Your task:
Your answer should be an exact copy of all the entries, free of pictures.

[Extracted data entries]
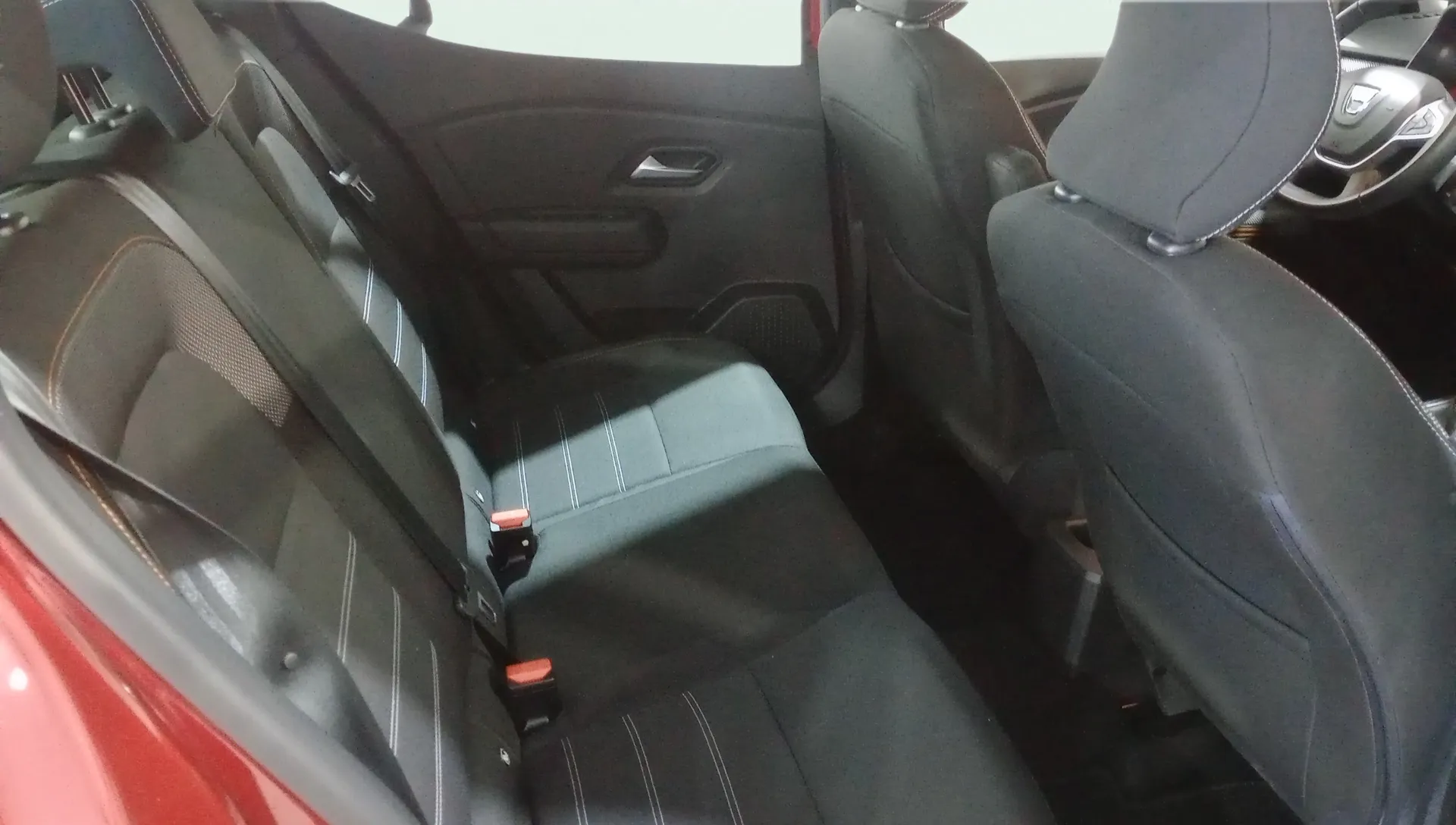 Dacia Sandero Essential TCe - foto 11
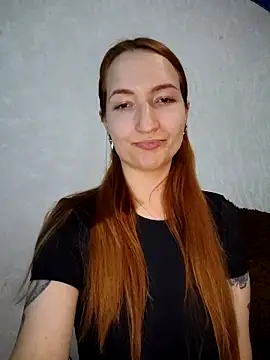 Snapshot of LeonaFox chatting on May 6, 2026, 3:50 pm LeonaFox online show from May 6, 2026, 3:50 pm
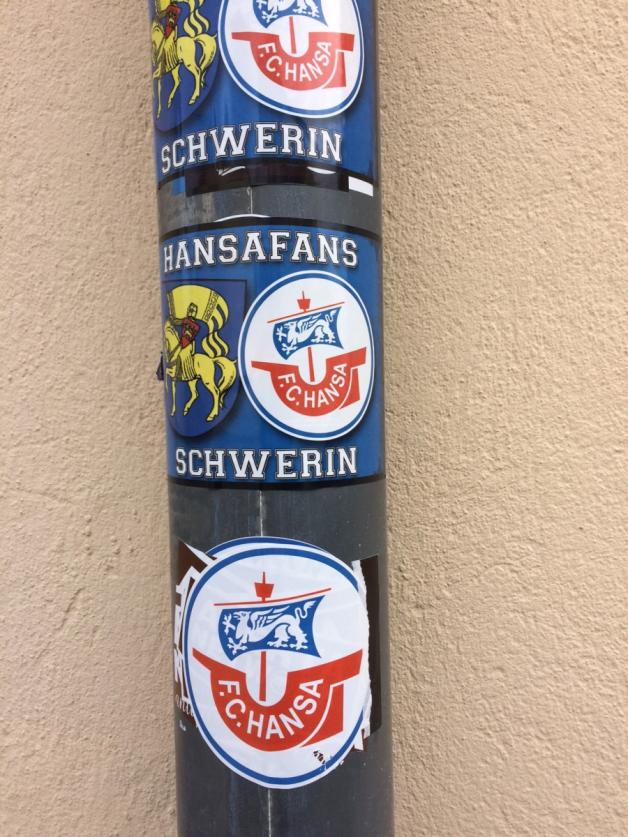Auch viele Lampenmasten sind betroffen. Auch viele Lampenmasten sind betroffen.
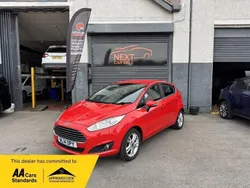Red Used 2014 Ford Fiesta Zetec Hatchback | £3,850 (Fair price)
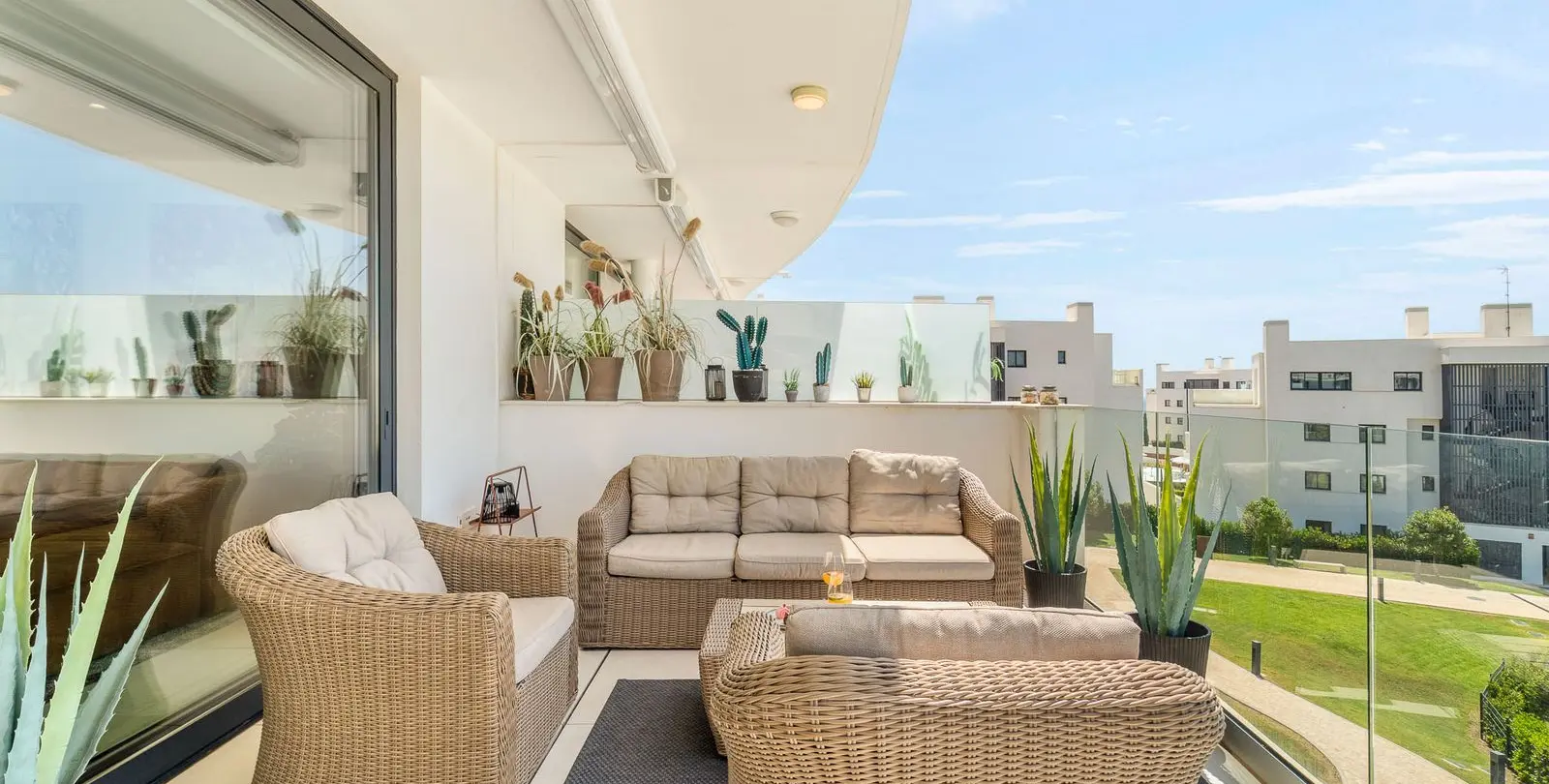 Sale of middle floor apartment in Fuengirola 3
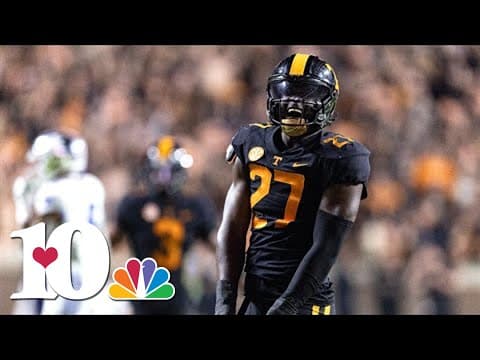 Tennessee Football ranks No. 7 in first College Football Playoff rankings of the season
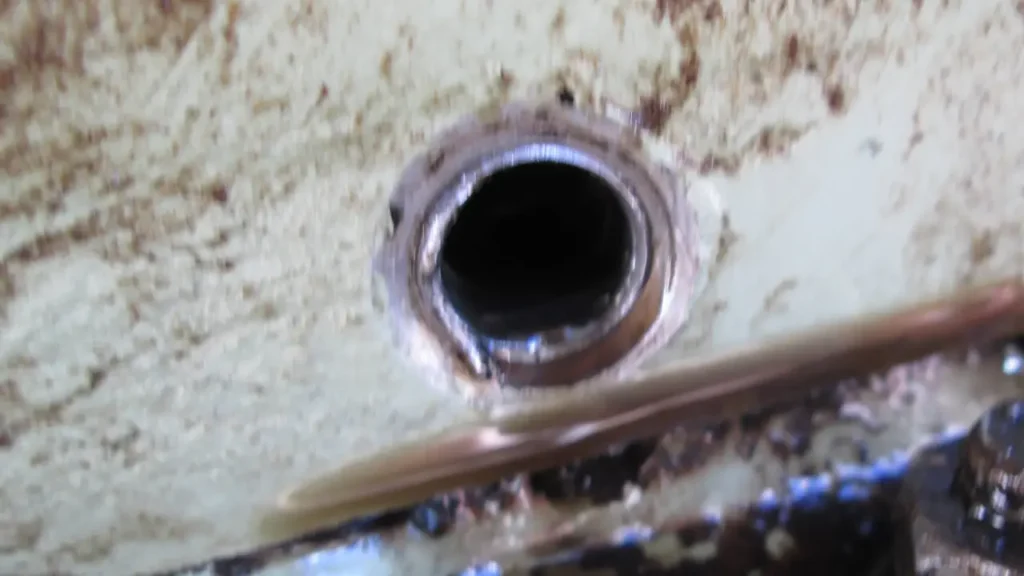how to remove broken pipe thread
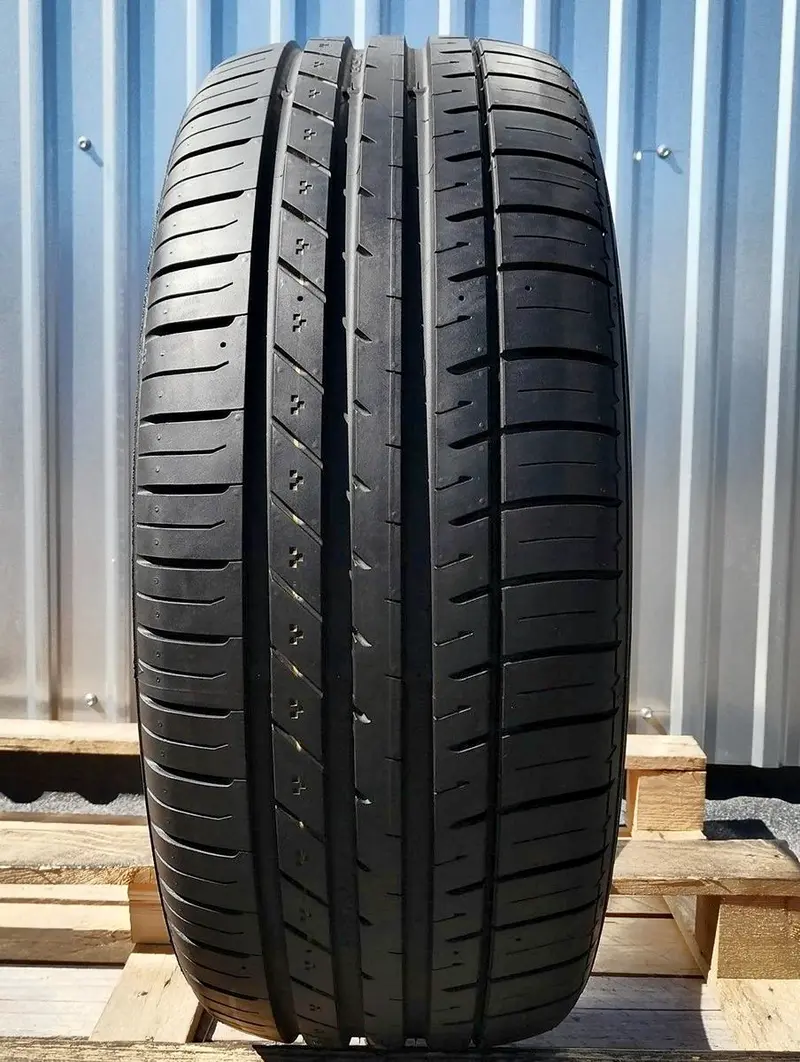 Б/у шина 215/45 R17 Kumho Ecsta Le Sport KU39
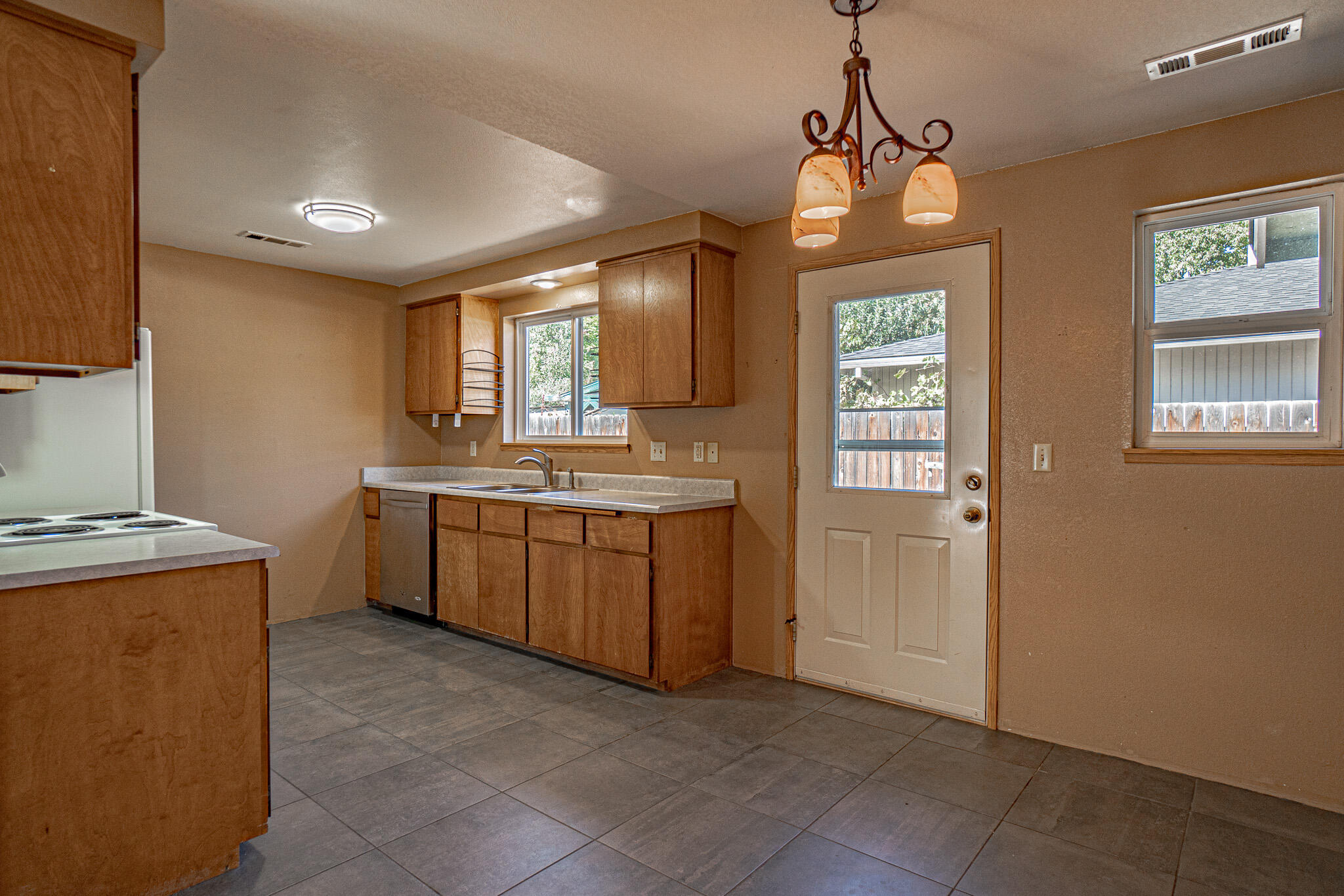 125 School House Road Talent, OR 97540 - Photo 6 of 27 DSC05276-HDR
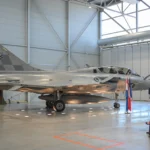 Primeiro de 12 caças Dassault Rafale foi entregue à Croácia na segunda-feira (02). Foto: Ministério da Defesa Croata.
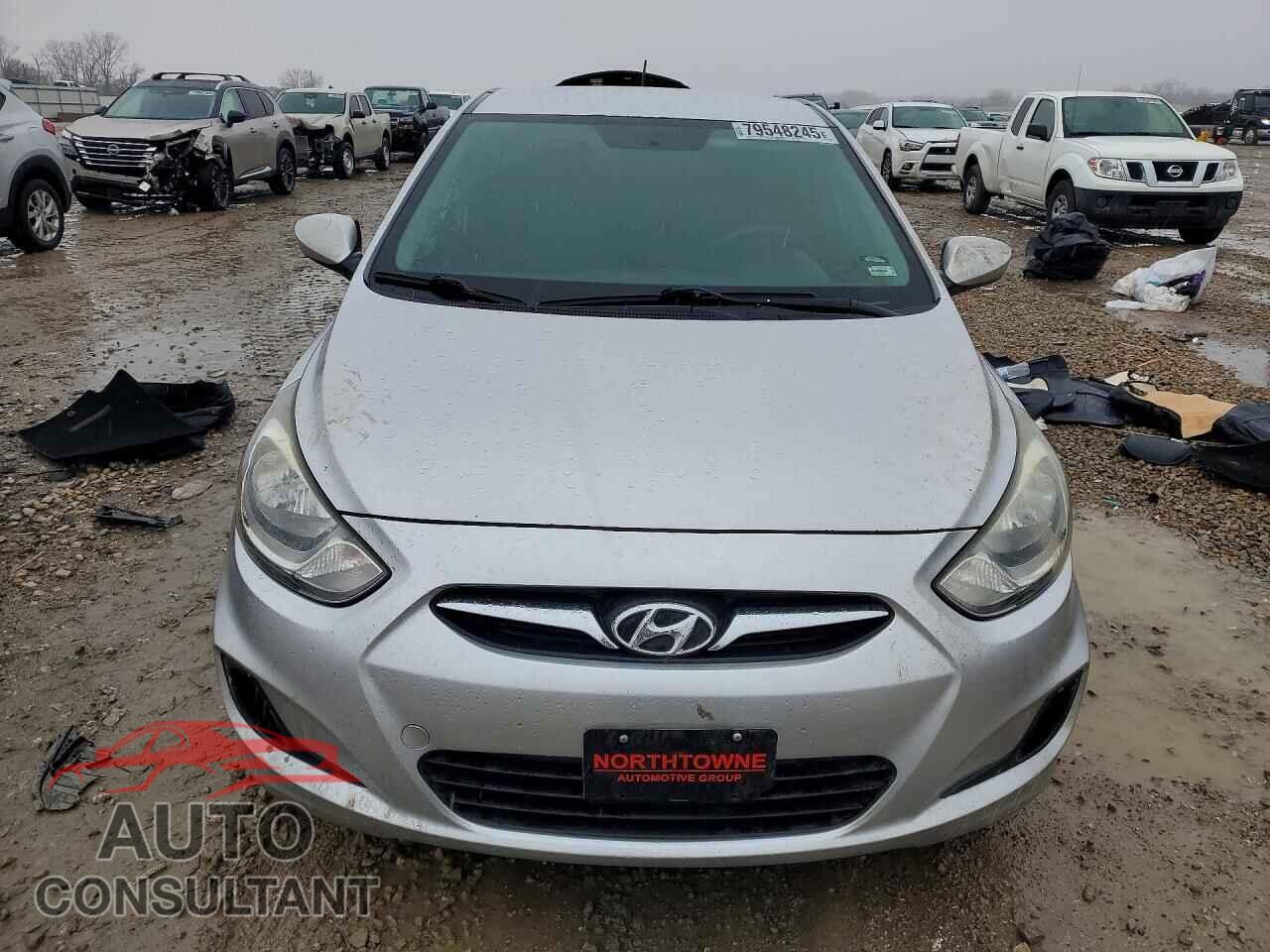 HYUNDAI ACCENT 2013 - KMHCT5AE2DU084666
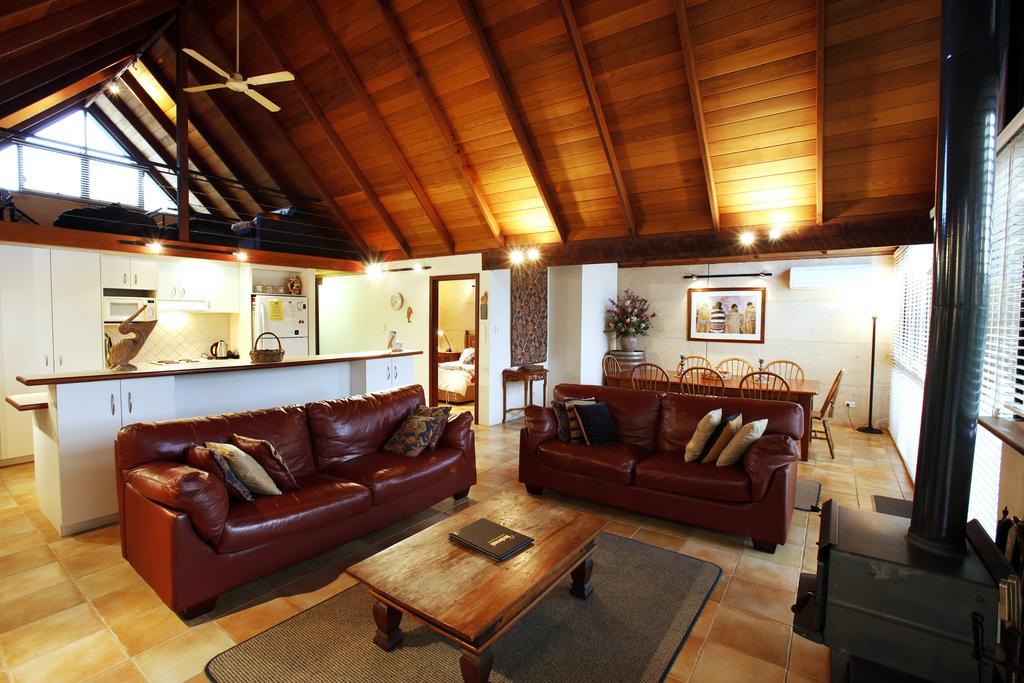 Whalers Cove Villas Дансборо Номер фото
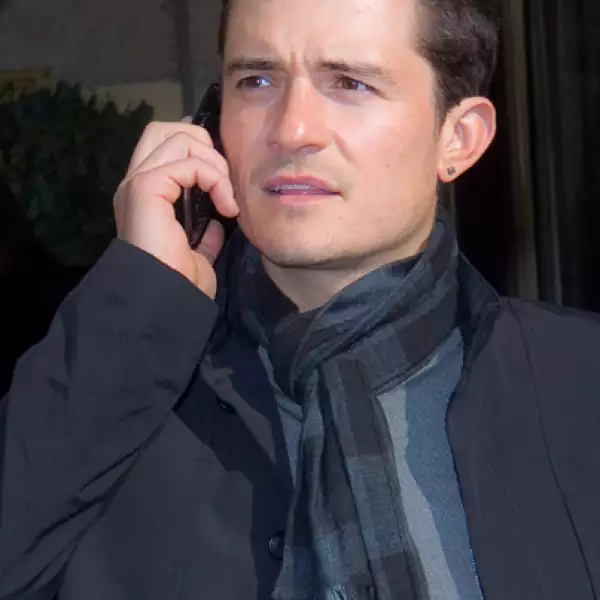 El actor Orlando Bloom saliendo de la presentación de la colección Otoño-Invierno de Balenciaga.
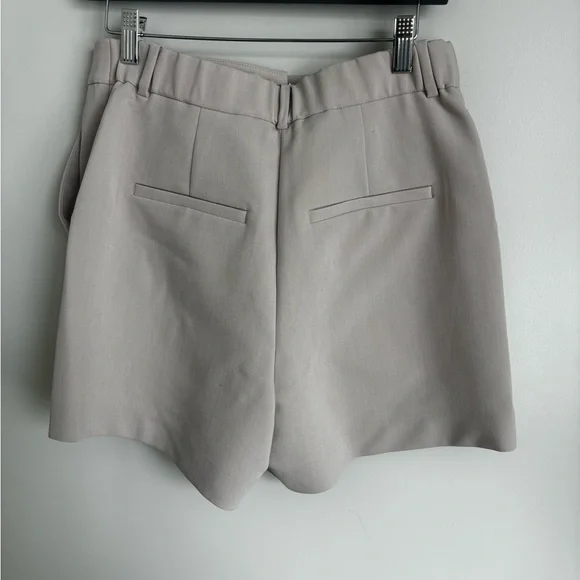 Abercrombie Women's High-Waist Pleated Dress Shorts in Light Taupe - Picture 2 of 2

Answer space:
 Dacia Sandero Essential TCe - foto 11
 Snapshot of LeonaFox chatting on May 6, 2026, 3:50 pm LeonaFox online show from May 6, 2026, 3:50 pm
Auch viele Lampenmasten sind betroffen. Auch viele Lampenmasten sind betroffen.
Red Used 2014 Ford Fiesta Zetec Hatchback | £3,850 (Fair price)
 Sale of middle floor apartment in Fuengirola 3
 Tennessee Football ranks No. 7 in first College Football Playoff rankings of the season
how to remove broken pipe thread
 Б/у шина 215/45 R17 Kumho Ecsta Le Sport KU39
 125 School House Road Talent, OR 97540 - Photo 6 of 27 DSC05276-HDR
 Primeiro de 12 caças Dassault Rafale foi entregue à Croácia na segunda-feira (02). Foto: Ministério da Defesa Croata.
 HYUNDAI ACCENT 2013 - KMHCT5AE2DU084666
 Whalers Cove Villas Дансборо Номер фото
 El actor Orlando Bloom saliendo de la presentación de la colección Otoño-Invierno de Balenciaga.
 Abercrombie Women's High-Waist Pleated Dress Shorts in Light Taupe - Picture 2 of 2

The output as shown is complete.